Via my evil twin Richard Wiseman comes one of the best color optical illusions I have ever seen. The original was apparently posted on Buzzhunt:

colors.gif


You see embedded spirals, right, of green, pinkish-orange, and blue? Incredibly, the green and the blue spirals are the same color. At first I thought Richard was pulling our collective legs, being a trickster of high magnitude. So I loaded the image in Photoshop and examined the two spirals. In the two squares displayed below, the one on the left is colored using the same color from the blue spiral, and on the right using the green spiral.

greenblue2.jpg


Like I said, incredible! For pedantry sake, the RGB colors in both spirals are 0, 255, 150. So they are mostly green with a solid splash of blue.

The reason they look different colors is because our brain judges the color of an object by comparing it to surrounding colors. In this case, the stripes are not continuous as they appear at first glance. The orange stripes don’t go through the "blue" spiral, and the magenta ones don’t go through the "green" one. Here’s a zoom to make this more clear:

bluegreenzoom.gif


See? The orange stripes go through the "green" spiral but not the "blue" one. So without us even knowing it, our brains compare that spiral to the orange stripes, forcing it to think the spiral is green. The magenta stripes make the other part of the spiral look blue, even though they are exactly the same color. If you still don’t believe me, concentrate on the edges of the colored spirals. Where the green hits the magenta it looks bluer to me, and where the blue hits the orange it looks greener. Amazing.

The overall pattern is a spiral shape because our brain likes to fill in missing bits to a pattern. Even though the stripes are not the same color all the way around the spiral , the overlapping spirals makes our brain think they are. The very fact that you have to examine the picture closely to figure out any of this at all shows just how easily we can be fooled.

This is why I tell people over and over again: you cannot trust what you see even with your own eyes. Your eyes are not cameras faithfully taking pictures of absolute truth of all that surrounds you. They have filters, and your brain has to interpret the jangled mess it gets fed. Colors are not what they appear, shapes are not what they appear (that zoomed image above is square, believe it or not), objects are not what they appear.


 
Jun 25, 2009 at 9:18 AM Post #2 of 9
Wow, that's incredible. Always loved optical illusions. I don't think I've ever seen one this good before though, great find.
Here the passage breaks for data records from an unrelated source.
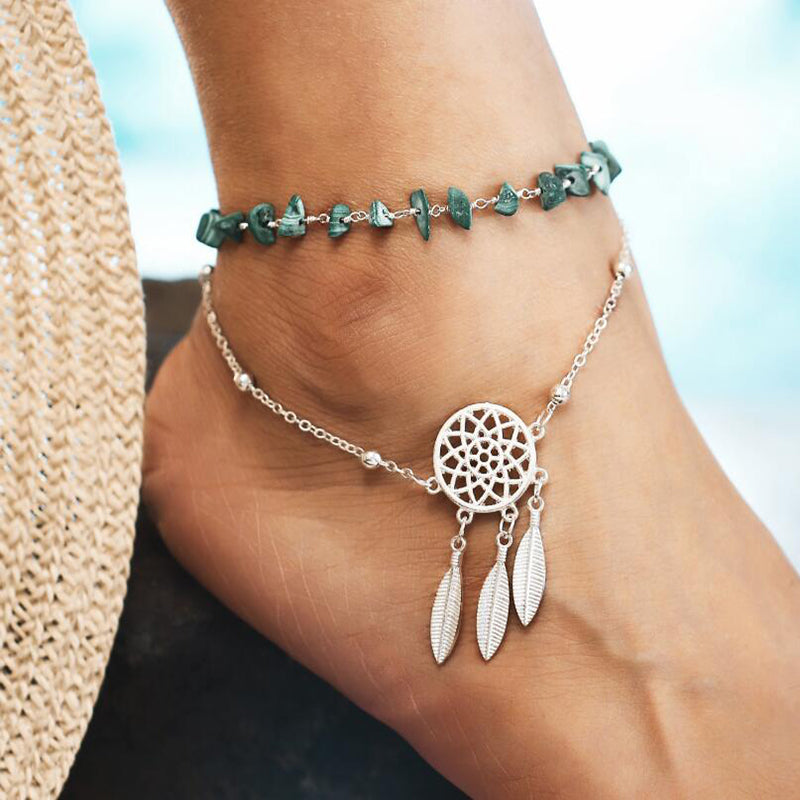 Grace Moments Bohemia Handmade Irregular Stones Anklet For Women Lucky Dreamcatcher Alloy Chain Summer Beach Foot Jewelry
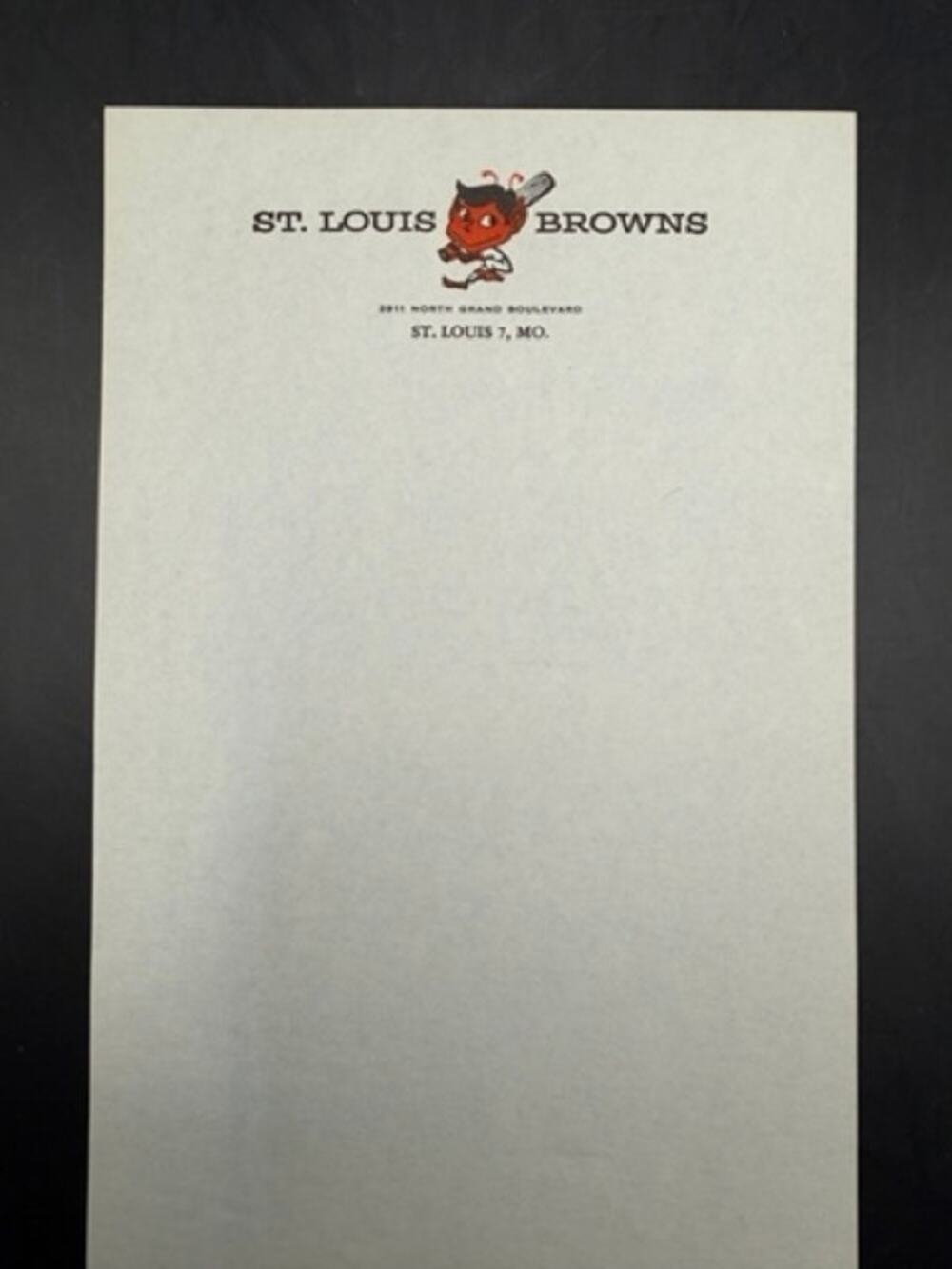 Unused 1940s-50s St. Louis Browns Stationary Brownie MLB Baseball Satchel Paige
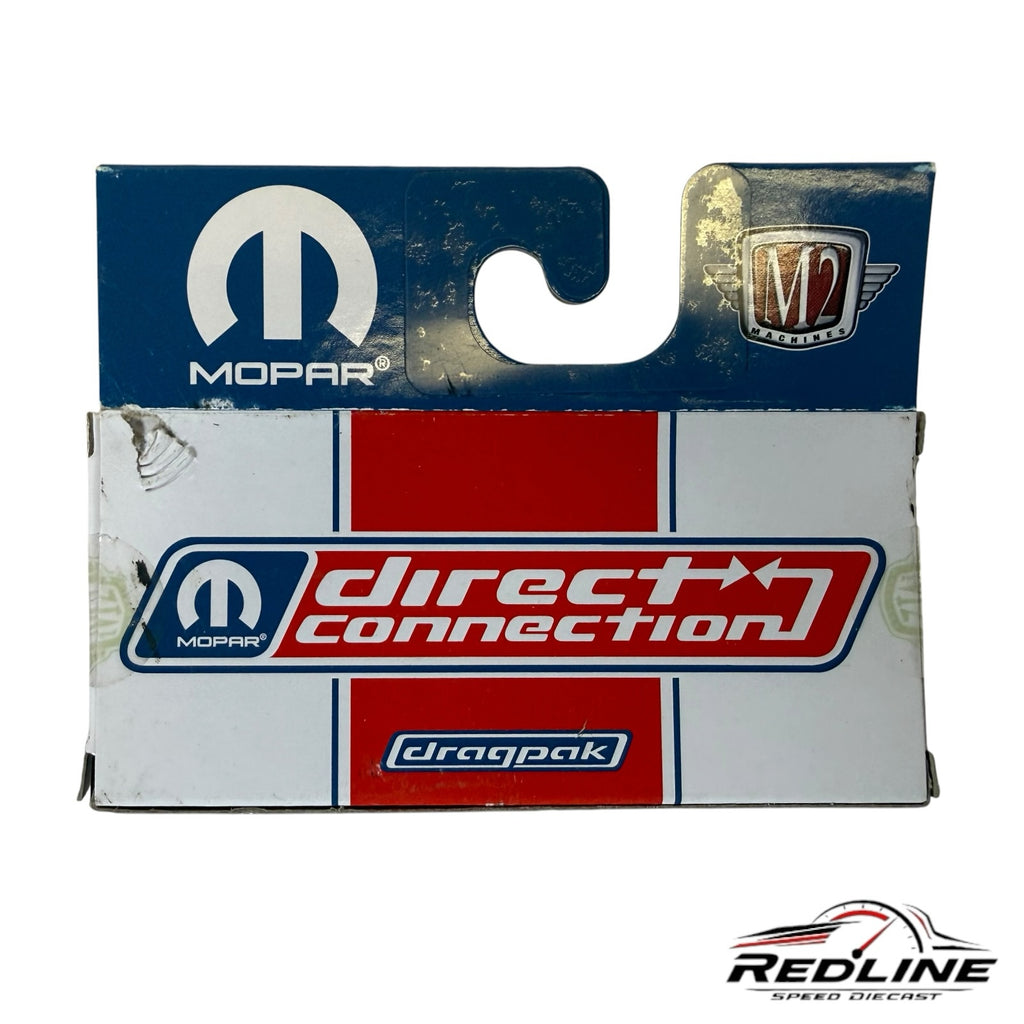 Redline Speed Diecast M2 Machines Dodge Challenger Funny Car packaging featuring Direct Connection and Mopar branding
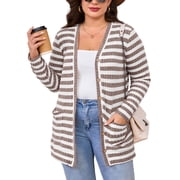 SHOWMALL Plus Size Ribbed Knit Cardigan for Women, Long Sleeve Button Down Light Taupe Stripe 4X Fuzzy Sweater Open Front with Pockets for Fall Winter Layering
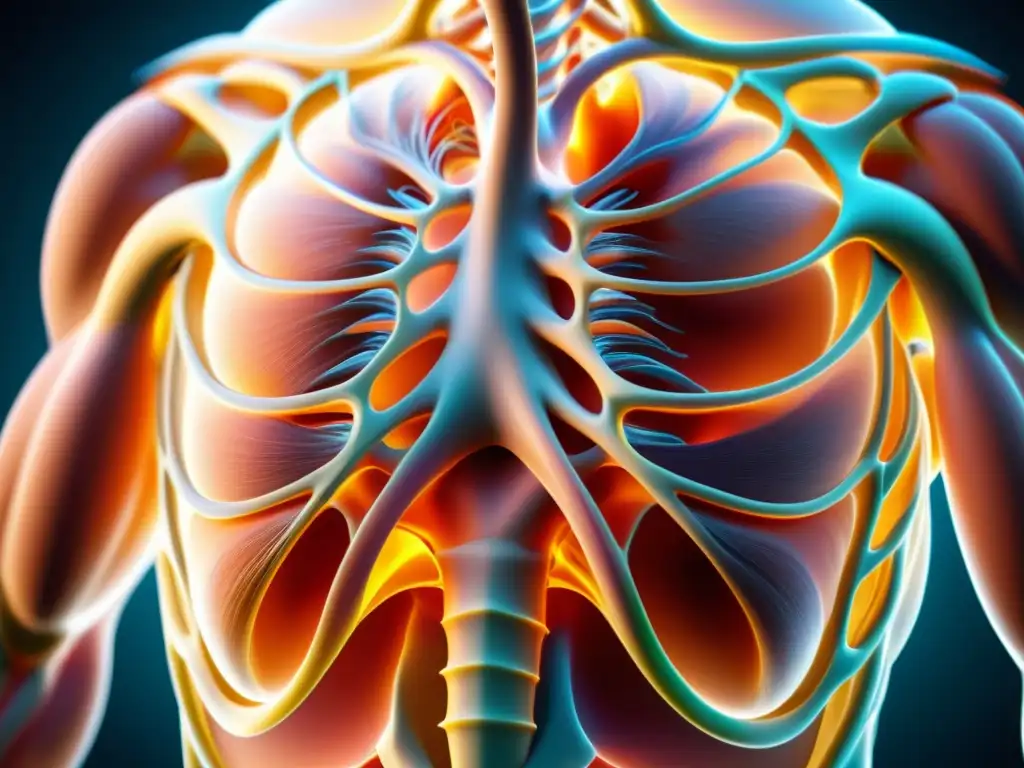 Detalle en 8k del diafragma humano en estado relajado, resaltando su estructura en forma de cúpula y su importancia en la respiración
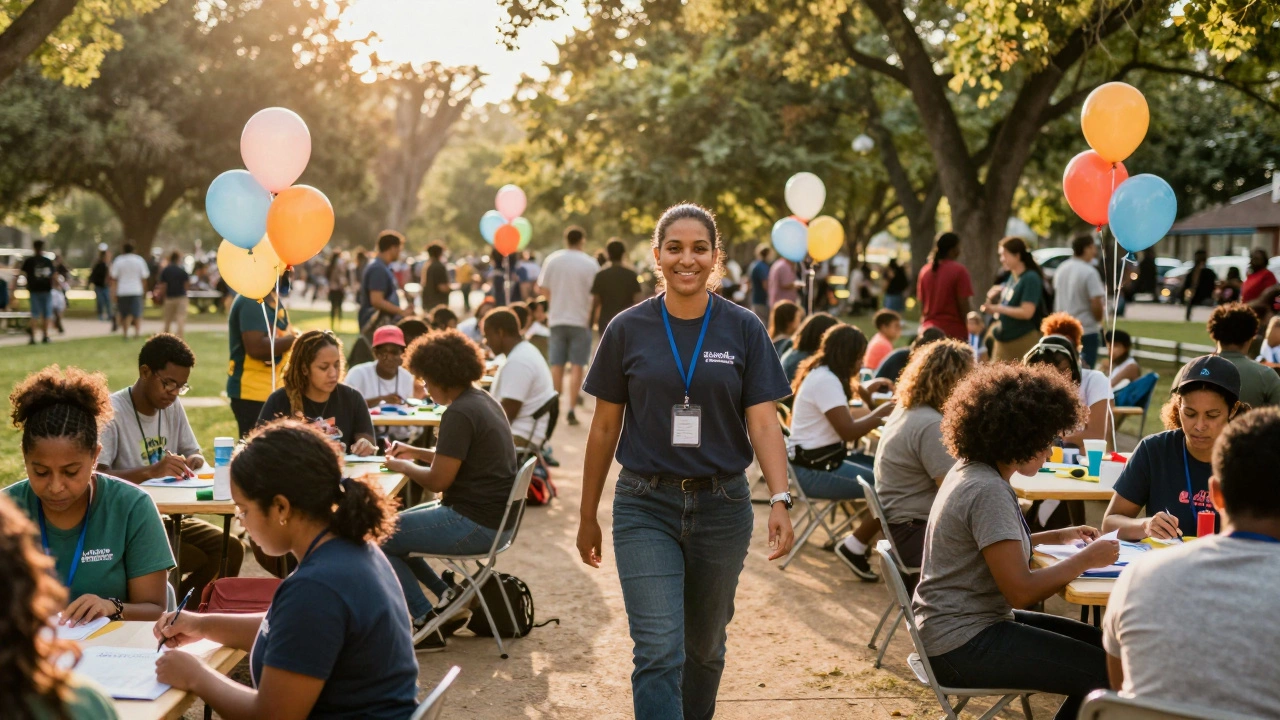 Observer watching families work in a community garden.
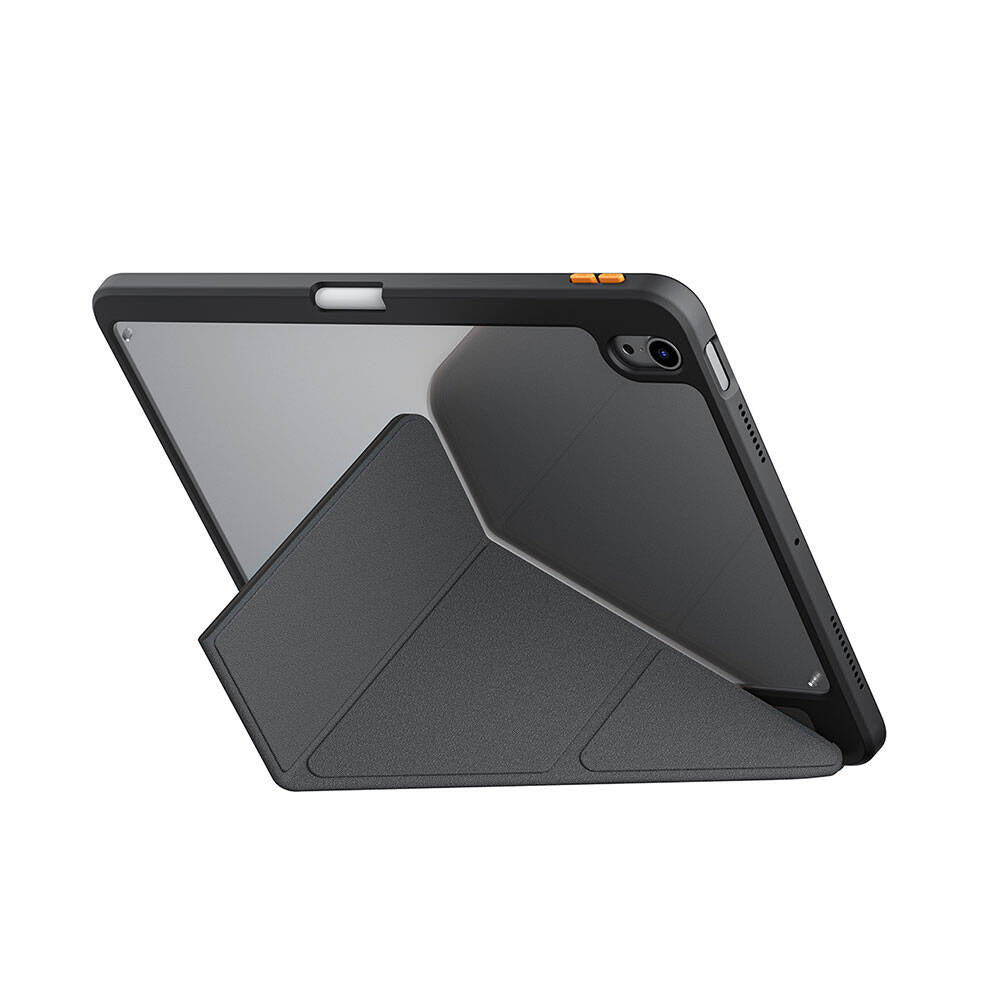 Apple iPad Air 11 2024 Kılıf SkinArma Kabartma Baskı Tasarımlı 360 Tam Koruma Arkası Şeffaf Standlı Gamma Kılıf Siyah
Continuing on the spiral theme, staring at this for 20 seconds or so and then looking at your hand is an interesting experience. Don't blame me if you feel slightly nauseous mind.
smily_headphones1.gif


Spiral aftereffect
 
Jun 25, 2009 at 9:44 AM Post #3 of 9
Very nice post Erik, and thankyou for sharing. I wonder how much of this translates to hearing, are we all just delusional?
 
Jun 25, 2009 at 1:08 PM Post #6 of 9
That is incredible and very scary. Nice find.
 
Jun 25, 2009 at 1:53 PM Post #8 of 9
Really good one!
biggrin.gif

I actually had to copy and paste what I saw as green and blue color into a different image, then lo and behold they are indeed identical.
 
Jun 25, 2009 at 1:59 PM Post #9 of 9
And nobody faults themselves or other people for "falling for it"; it is recognized as just an interesting way that the brain works.

But when it comes to hearing it's a different story. Your system is never good enough, your hearing is never good enough, etc.